Although MD Anderson officials say NIH’s recent letters prompted its actions, the internal documents make it clear that federal law enforcement agents have been examining and interviewing researchers at the prestigious institution since at least 2017. On 11 December 2017, FBI received the cancer center’s permission to obtain information from employee email accounts—as many as 23 accounts, according to sources familiar with the matter—which MD Anderson officials provided on hard drives. During interviews with MD Anderson faculty, FBI agents were interested in obtaining lists of researchers who had accepted grants under the Thousand Talents program, according to one MD Anderson researcher who was interviewed. Supervisory special agent Don Lichay, of FBI’s field office here, would not comment on specific investigations, adding, “We’re just going to go where the evidence is.” A 2015 FBI Counterintelligence Division handout argued that recruiting scientists through programs such as Thousand Talents allows China to "benefit from years of scientific research conducted in the United States" and "severely impacts the U.S. economy." 

This week’s revelations are now fueling complaints among some researchers that MD Anderson is targeting its Chinese and Chinese American scientists for special scrutiny—and removal. Some of the center’s critics count 10 senior MD Anderson researchers or administrators of Chinese descent who have retired, resigned, or been placed on administrative leave in the past 17 months. Some of these researchers reportedly left of their own accord, but their supporters say that a toxic climate and the perception of racial profiling hastened their departure.
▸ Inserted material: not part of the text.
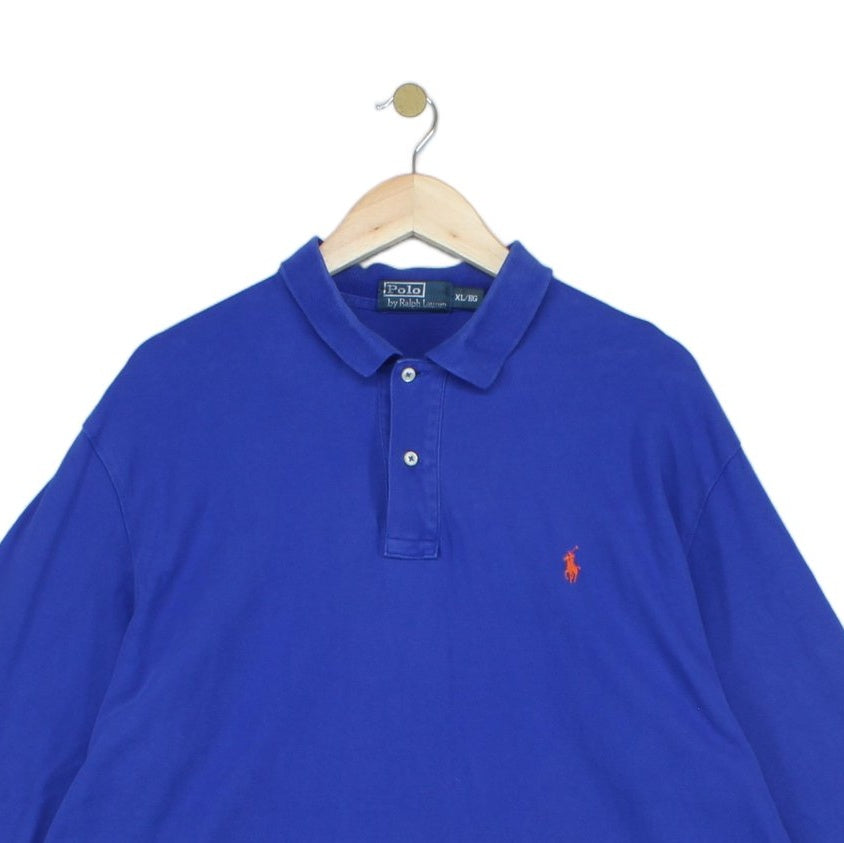 Mens Polo Shirt  Classic Casual Long Sleeve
“From the Asian-American community perspective, the investigations, in general, came out of the blue and involved only Chinese-American scientists,” says Aryani Ong, an activist in Rockville, Maryland, who has organized several dialogues between community leaders and U.S. intelligence officials on racial profiling. “The fear and confusion may have been mitigated if the institution had first engaged with employees and ensured compliance.”

Calvert says if researchers “are breaking the law and committing a crime, then charge them and let them be tried in a court of law. But what MD Anderson and some other institutions seem to do is accuse and see if they can wait them out.”
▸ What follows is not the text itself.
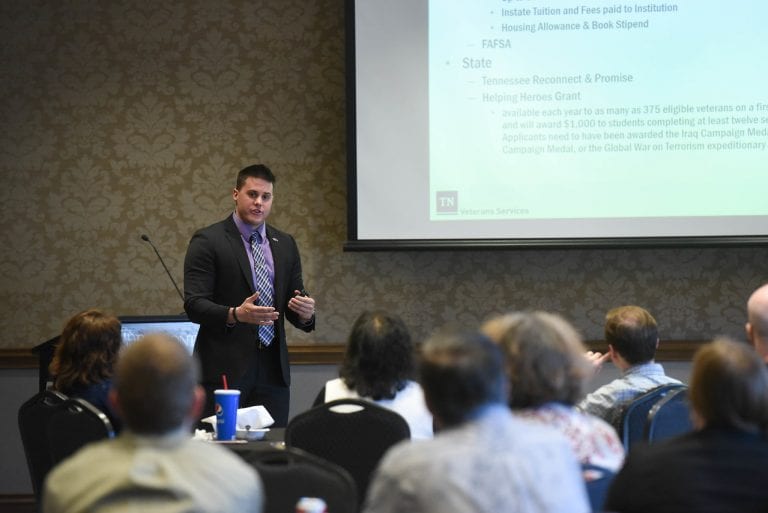 Veteran Success Team Hosts Veteran Empowerment Training for Faculty and Staff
Ong is concerned that, as efforts by federal research agencies to address foreign influence take hold, there could be a “brain drain” as scientists “leave under a cloud of suspicion.”

Mien-Chie Hung, a Taiwanese-born researcher who recently left MD Anderson, echoes that view. In  February, Hung retired from his position as the cancer center’s vice president for basic research to take a job as president of China Medical University in Taichung, Taiwan. (His move wasn’t connected to any investigation, he says.) In March, he co-authored a letter to Science raising concerns about possible racial profiling at institutions across the country, expressing hope that “increased security measures will not be used to tarnish law-abiding scientists.”

Pisters says he understands those concerns but rejects the notion that MD Anderson is targeting ethnically Chinese researchers. “In situations where individuals, small in number, have undergone investigations like this, I can understand why groups might feel they’re being singled out,” he says. “That’s not the intent of our organization.” 

Some researchers here worry the campaign to root out foreign influence at MD Anderson will be counterproductive and prompt some researchers to leave the United States. “These are the top talents that foreign countries have been trying to recruit unsuccessfully,” says Steven Pei, an engineering professor elsewhere in Houston and a former chairman of the board of United Chinese Americans, a national advocacy organization. (He is not among the 10 people who have departed MD Anderson since 2017.) Institutions like the cancer center, he says, are “helping foreign countries to accomplish what they could not do by themselves.”